Thursday, January 28, 2010

“Yoga for Foodies”


Friday’s event at Exhale Spa was the first of a series of “Yoga for Foodies” sessions, devised by a young, adventurous yoga teacher, David Romanelli, and coming soon to restaurants in Chicago, Cleveland and Dallas.

Calling his mission “yoga for the Everyman,” Mr. Romanelli, 36, plays Grateful Dead songs during class, wears sweat pants rather than spandex, and has already experimented with offering chocolate truffles after chaturanga instruction. “It’s a way of getting people in the door,” he said in an interview. “The world is a better place if people do yoga. And if they come because chocolate or wine is involved, I’m fine with it.”



And in yoga and foodie circles alike, contemplating the awesome significance of every bite taken — its flavors, its implications, its history — often seems to lead to moral judgments about others.

“It’s been one of my struggles,” said Rick Bayless, the Chicago chef, who has been practicing yoga for 15 years, is not a vegetarian and loves pork. “I think that sometimes the yoga community is a little too austere, and it’s hard to talk about what I do with people who believe in eating just what you need to stay alive.”

Mr. Romanelli believes that any profound pleasure of the senses — a live Bruce Springsteen track, an In-N-Out burger, the scent of lavender gathered in the French Alps — can bring on the “yoga high” that is a gateway to divine bliss.

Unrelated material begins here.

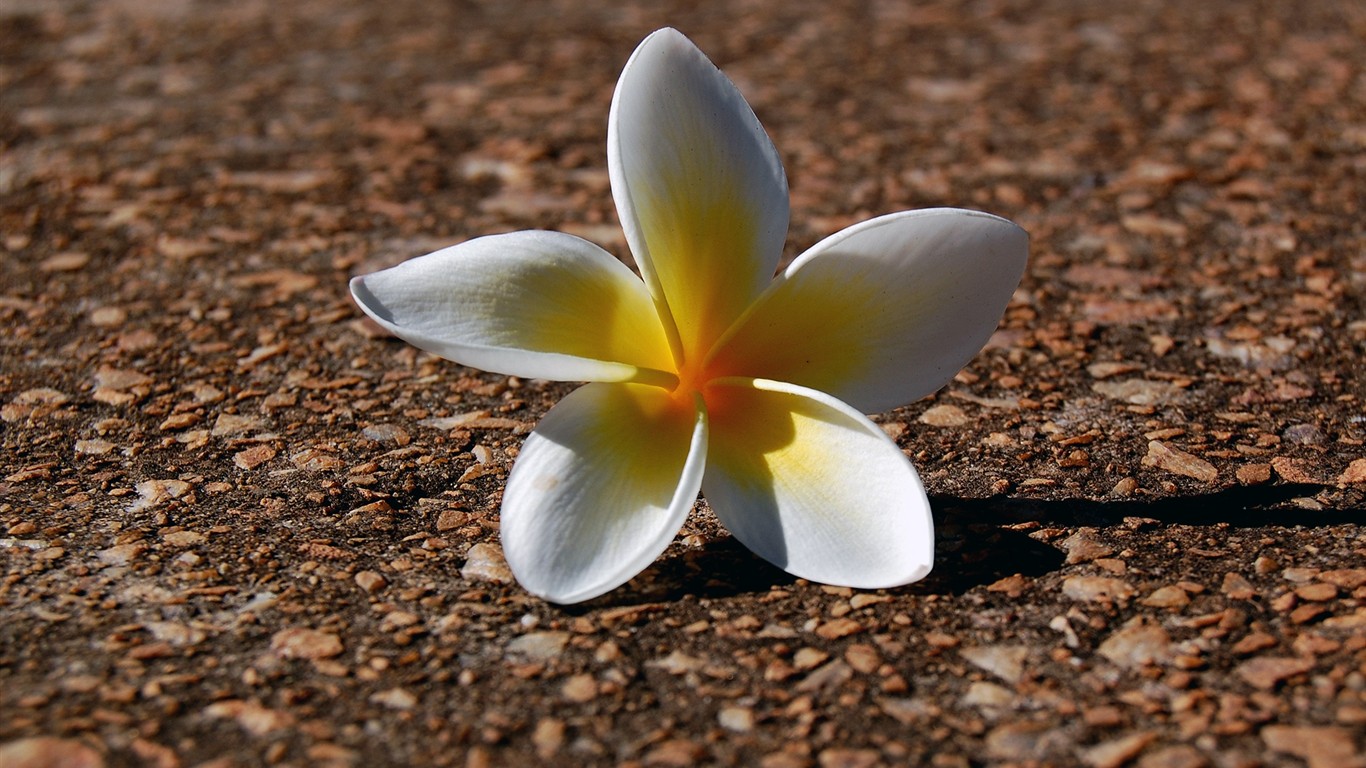 Fond d'écran HD de fleurs colorées #16 - 1366x768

“What yoga teachers do and what chefs do is not so different,” he said. “We take everyday actions like moving and eating, and slow you down so you can appreciate them.” Achieving stillness and peace amid the distractions of life, he said, has always been the higher goal of yoga.


Vegan ravioli

Back at the Exhale studio, wandering among the supple bodies of his acolytes, Mr. Romanelli talked about his recent embrace of the Slow Food movement and his dreams of returning American yogis to what he describes as the happy, prelapsarian state of 1995. “Remember before you had your first e-mail address or your first cellphone,” he said. “Don’t you think that your food tasted better back then?”